The distributed transaction was only able to commit “partially”. Local transaction TR1 on Shard-1 commits successfully, while local transaction TR2 on Shard-2 fails to commit. 

The new data appears only on Shard-1 while the old data on Shard-2 remained unchanged. This created a “window of inconsistency” during which committed, new, data on Shard-1 and old, unchanged, data on Shard-2 were visible at the same time.  

As long as the application cannot remedy this inconsistent state, this window of inconsistency remains open³. This is a problem since it violates the distributed transaction’s atomicity. Atomicity⁴ is a fundamental ACID property since its violation could lead to various data corruptions and inconsistencies. 

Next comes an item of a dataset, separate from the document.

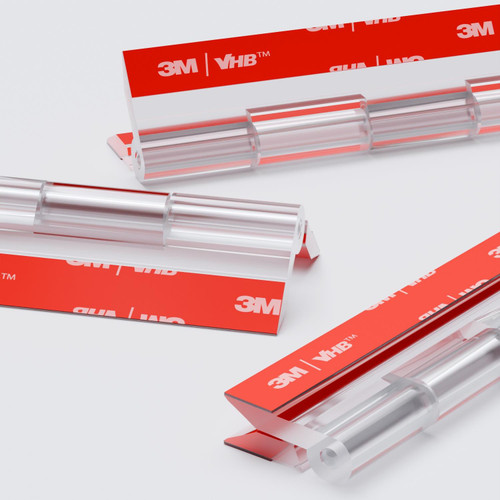 4x Clear Acrylic Piano Hinges 150mm, Self-Adhesive, No Glue Required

The partial commit of the distributed transaction caused a window of inconsistency that remains open until the application can resolve the scenario that caused it. How can the application solve this situation and close the window of inconsistency? One way would be to overwrite the new data, that was committed by the local transaction on Shard-1, with the old data – this is called a “roll-back”. Alternatively, the application can attempt to retry the failed local transaction on Shard-2, thus writing the new data where the local transaction on Shard-2 previously failed to commit – this is a “roll-forward”. Each of these approaches has a good chance of succeeding and thus to close the window of inconsistency. However, there are cases where none of the strategies can succeed, which causes the inconsistent state to remain stuck forever. 

Roll-forward

The database could decide to roll-forward (retry) the unsuccessful transaction on Shard-2. In this case, the local transaction on Shard-2 could easily fail to commit due to conflict with another transaction that might have executed in the meantime on Shard-2 and have modified the database in a way that will not allow the original local transaction to commit, even when re-executed… 

Roll-back

Databases can only roll-back local transactions that have not committed yet. It is not possible for the database to roll-back an already committed local transaction. Hypothetically, the application itself could, somehow, force the database to perform a roll-back after a commit – but this is hypothetical since this functionality violates ACID and is thus generally not supported by databases. Alternatively, the application could perform a roll-back-like operation by remembering the old data of Shard-1 and then submitting a new local transaction that will overwrite the recently committed “new” data with the old data. 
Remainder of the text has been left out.